NORTH OGDEN — A piece of North Ogden’s history will soon be gone to make way for a road connecting to a new subdivision taking shape in the city.

“Sad and the price of progress,” said Scott Chambers.

A large fruit packing shed built more than 100 years ago sits off 2600 North, offering passing motorists a glimpse of the industry — fruit growing and packing — that figured big in the early history of what is now North Ogden. Things change; land that once held fruit trees has given way to homes, and now, the large, weather-beaten barn in the 700 block of 2600 North is to be dismantled. The road just to the south, 725 East, is to be extended northward to give some 30 planned homes in an area where cherry and peach trees once grew a connection to busy 2600 North.

The roadway extension is contemplated in city planning documents. The looming change, perhaps over the summer, isn’t a surprise. Notably, there’s a bright side — Chambers’ son, Shayne Chambers, plans to disassemble the barn and put it back together on land he owns in the Mendon area in Cache County.

Still, change is change, and the structure and adjacent orchard that it once served, now gone, figure big in the memories of Scott Chambers, his cousin Steve Campbell and other extended family members. Scott Winfield Campbell, the great-grandfather of Chambers and Campbell, built the barn to serve the commercial cherry and peach orchard he operated in the area, S.W. Campbell & Sons.

“Not anything left,” Alene Chambers, Scott Chambers’ wife, said last week. “They just took the last three trees down on Monday. It was sad. ... No more of the old orchard.”

Given the significance of the structure to the North Ogden area’s history, the Weber County Heritage Foundation is helping prepare a documentary about the old building. Family members think it was built around 1905, maybe shortly thereafter. “It’s one of the last packing sheds up there,” said Kattie Stewart, the foundation president.

Perhaps more significantly, Shayne Chambers hopes to keep the old building alive in Cache County, though he’s still figuring out exactly how he’s going to transplant it. He’s hoping to solicit donations to aid in the effort, perhaps through a GoFundMe.com account, and welcomes help at 21shaynechambers@gmail.com. “It’s not anything we’ve done before so it’s definitely going to be a learning curve,” he said.

He feels driven, though, to keep a small part of the past in the present. “Don’t want to see the history lost. We want to make sure we preserve what we can and keep that heritage alive,” he said.

The City of North Ogden had considered moving the old barn to Barker Park. The apparent cost and logistics, though, doomed that idea. “There was some concerns with being able to save the building and make it usable as a park feature. In the end, it just makes more sense for the city to not relocate the barn,” said Jon Call, the North Ogden city attorney.

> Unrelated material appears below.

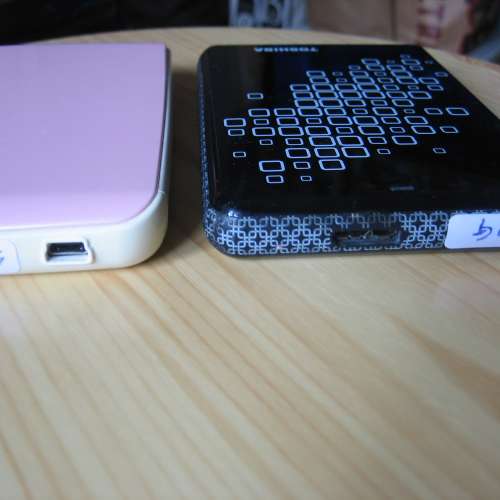 2.5" 外置硬盤共2個 500G x 2pcs.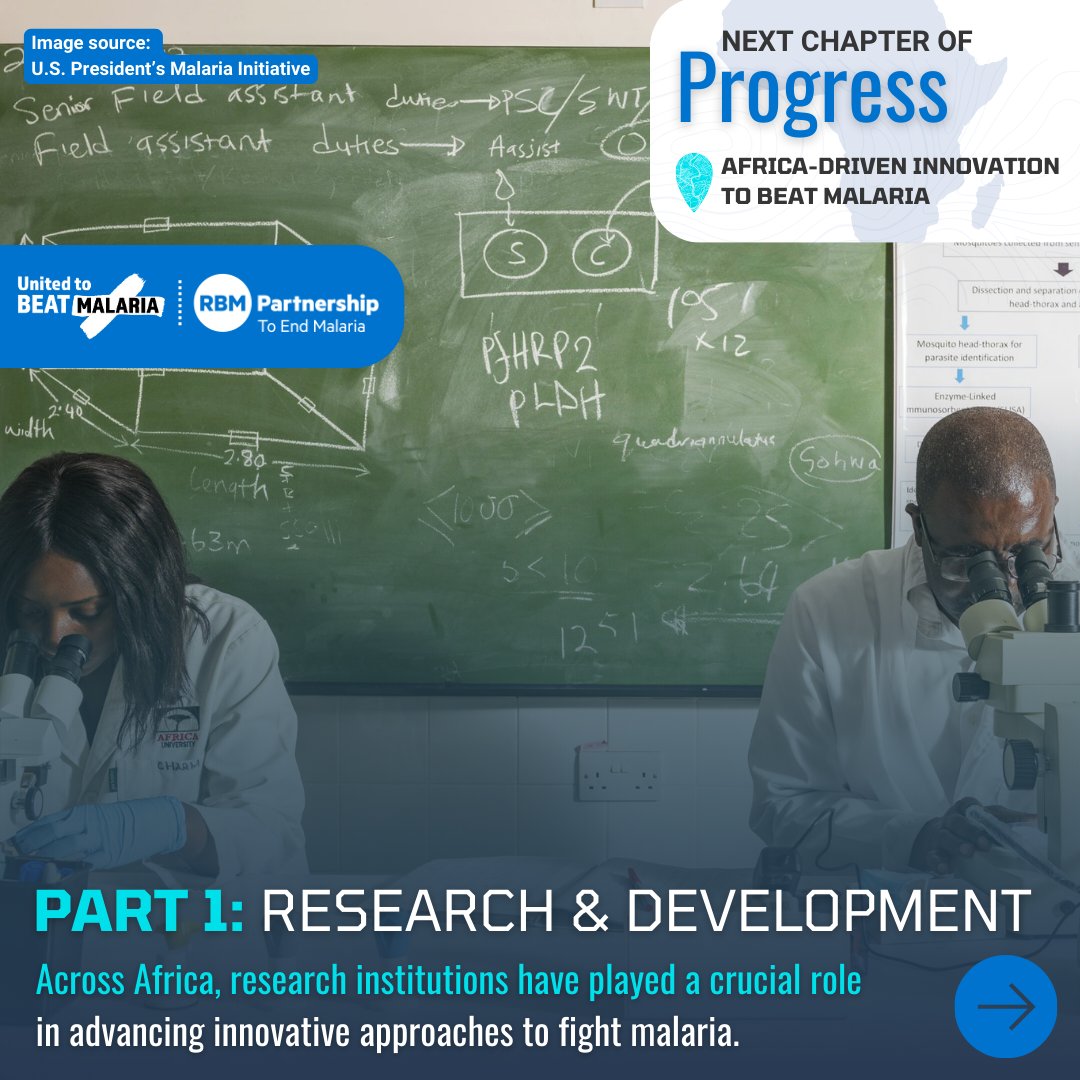 All week long, we’re showing you the Next Chapter of Progress 📈 in the fight against malaria! Visit our StoryMap to take the interactive tour: bit.ly/nextchapterpro…

Part 1 of our Next Chapter of Progress series focuses on R&amp;D 🧫🔬🧪

Follow this thread to learn more!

Call said there are a few old buildings still standing from North Ogden’s agricultural past. Significantly, there’s the old Cannery Building at Washington Boulevard and 2000 North, where agricultural crops were once canned, now repurposed and home to several businesses. By and large, though, most of the old barns used in agriculture in the North Ogden area have been torn down, “many because they had simply lasted their useful life,” Call said.

‘A lot of hard work’Campbell used to work in the S.W. Campbell & Sons orchard, earning 3 cents for each pound of cherries he picked. “It was a lot of hard work for 3 cents a pound,” he said.

Scott Chambers also worked there, for one summer, anyway. “I picked cherries one year, enough to know I didn’t want to do it again,” he said.

The fruit — the orchard also produced peaches that were sold commercially — would be sorted and packed in the old shed, which has two levels. Then it would be hauled to Ogden and shipped to market via railcars.

Gradually, though, the operation faded. Part of the shed, the eastern part, was destroyed during a particularly severe winter due to the weight of the snow that fell on it. “At one time, it was really thriving. Then it just kind of dwindled down,” said Campbell.

More recently, the shed has been used for storage. Walking through it earlier this week, Alene Chambers pointed out what she thought was a remnant from the past. “That’s what’s left of a (fruit) sorting table,” she said.

The land where the shed and orchard sat became more valuable as space to build homes, though, and eventually the extended family members who owned it decided to sell. They understand that change is inevitable, but that hasn’t diminished the nostalgic sentiments over the years as redevelopment has edged toward reality. “There’s been some sad moments over the years,” said Campbell.